Question

If $\omega $ is a cube root of unity, then the value of ${{\left( 1+\omega +{{\omega }^{2}} \right)}^{5}}+{{\left( 1+\omega -{{\omega }^{2}} \right)}^{5}}$ is
[a] $16\omega $
[b] $32\omega $
[c] $48\omega $
[d] $-32\omega $

Answer 1

Hint: Use the fact that $\omega $ is a complex cube root of unity if and only if $\omega $ satisfies the quadratic equation $1+x+{{x}^{2}}=0$. Also since $\omega $ is a cube root of unity, we have ${{\omega }^{3}}=1$. Simplify and solve the expression using these two properties.
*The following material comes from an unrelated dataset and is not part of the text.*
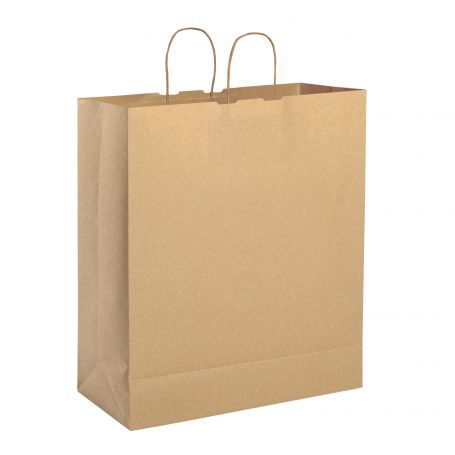 Shopping Bag 45 x 48 x 20 cm in carta naturale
Complete step-by-step solution -

We have $\omega $ is a cube root of unity, then $\omega $ is a root of the cubic ${{x}^{3}}=1$
Hence we have ${{x}^{3}}-1=0$
Using ${{a}^{3}}-{{b}^{3}}=\left( a-b \right)\left( {{a}^{2}}+ab+{{b}^{2}} \right)$, hence we have
${{x}^{3}}-1=\left( x-1 \right)\left( {{x}^{2}}+x+1 \right)$
Since $\omega $ is not purely real, we have $\omega \ne 1$
Hence $\omega $ satisfies ${{x}^{2}}+x+1=0$
Hence we have $1+\omega +{{\omega }^{2}}=0$.
Hence $1+\omega =-{{\omega }^{2}}$
Hence we have ${{\left( 1+\omega -{{\omega }^{2}} \right)}^{5}}={{\left( -2{{\omega }^{2}} \right)}^{5}}=-32{{\omega }^{10}}=-32{{\left( {{\omega }^{3}} \right)}^{3}}\omega =-32\omega $
Hence we have ${{\left( 1+\omega +{{\omega }^{2}} \right)}^{5}}+{{\left( 1+\omega -{{\omega }^{2}} \right)}^{5}}=0-32\omega =-32\omega $
Hence option [d] is correct.

Note: If $\alpha $ is an nth root of unity, then we have $1+\alpha +{{\alpha }^{2}}+\cdots +{{\alpha }^{n-1}}=0$, if $\alpha $ is not purely real.
Proof: Since $\alpha $ is an nth root of unity, we have ${{\alpha }^{n}}=1$.
Now since $\alpha $ is not purely real $\alpha -1\ne 0$.
Observe that $1,\alpha .{{\alpha }^{2}},\cdots ,{{\alpha }^{n-1}}$ for a geometric progression with a = 1 and $r=\alpha $.
We know that in a geometric progression ${{S}_{n}}=\dfrac{a\left( {{r}^{n}}-1 \right)}{r-1}$
Using the above result, we have
${{S}_{n}}=\dfrac{1\left( {{\alpha }^{n}}-1 \right)}{\alpha -1}$
Since ${{\alpha }^{n}}=1$, we have
${{S}_{n}}=\dfrac{\left( 1-1 \right)}{\alpha -1}=0$
Hence, we have $1+\alpha +{{\alpha }^{2}}+\cdots +{{\alpha }^{n-1}}=0$
Hence proved.
[2] Put n = 3 in the above formula and $\alpha =\omega $, we get
$1+\omega +{{\omega }^{2}}=0$, which is the same as obtained above.